Lucy Ostrander and Don Sellers’ “Honor & Sacrifice: The Roy Matsumoto Story” continues to impress critics and audiences.
Last weekend, the documentary captured the prestigious Erik Barnouw Award from the Organization of American Historians for outstanding programming in documentary film concerned with American history in Atlanta, Ga.
“Honor & Sacrifice” focuses on Roy Matsumoto and his Japanese immigrant family that endured tragedy and triumph during World War II. Matsumoto’s daughter, Karen, lives on Bainbridge Island and is the film’s associate producer.
“We’re particularly pleased because for the creators of historical documentaries, the Erik Barnouw Award represents one of the most important honors achievable,” said Ostrander, whose Stourwater Pictures is located on Bainbridge. “It not only speaks to the scholarly rigor of the work, but also to its historical importance.”

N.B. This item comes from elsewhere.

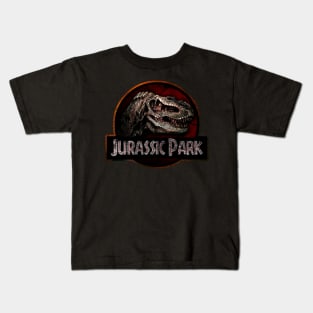 Jurassic park - Trex Kids T-Shirt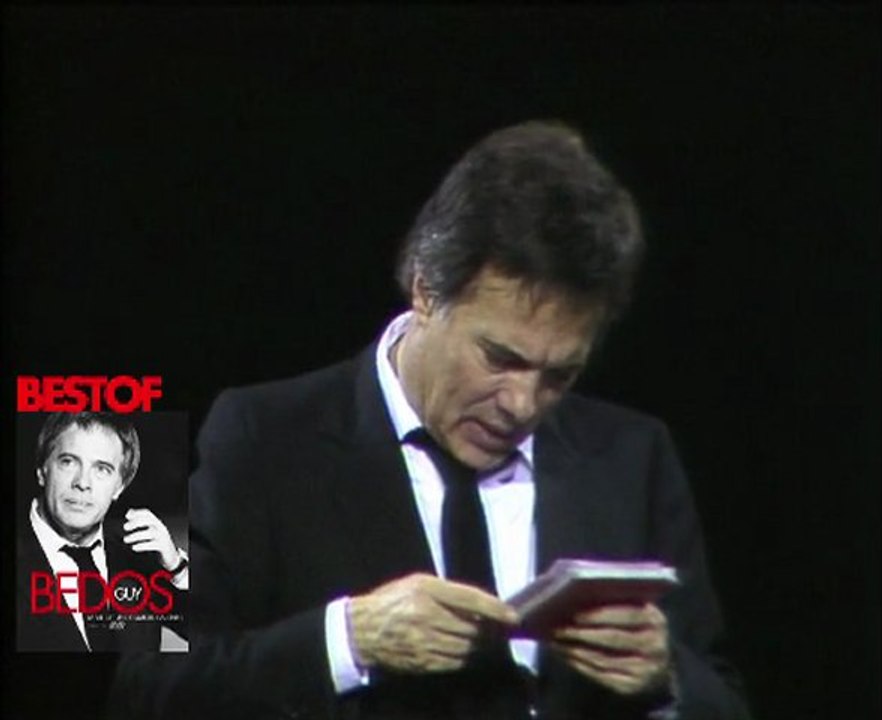 Guy Bedos - Le bronzage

Ostrander said past winners of the award include Ken Burns and Henry Hampton, as well as revered films such as “The Most Dangerous Man in America” and “Death and the Civil War.”
“The Organization of American Historians is the major organization for historians who study and teach about the United States,” Ostrander said. “They annually present a small number of awards in recognition of scholarly and professional achievements in the field of American history. Only one is for a film, so the award is extremely competitive.”
If “Honor & Sacrifice” sounds familiar it should. It was shown at 15th annual Celluloid Bainbridge Film Festival last November.
If you haven’t seen the stirring “Honor & Sacrifice” yet, you’re in luck. It will be broadcast on Seattle public television station KCTS at 7 p.m. Sunday, May 25.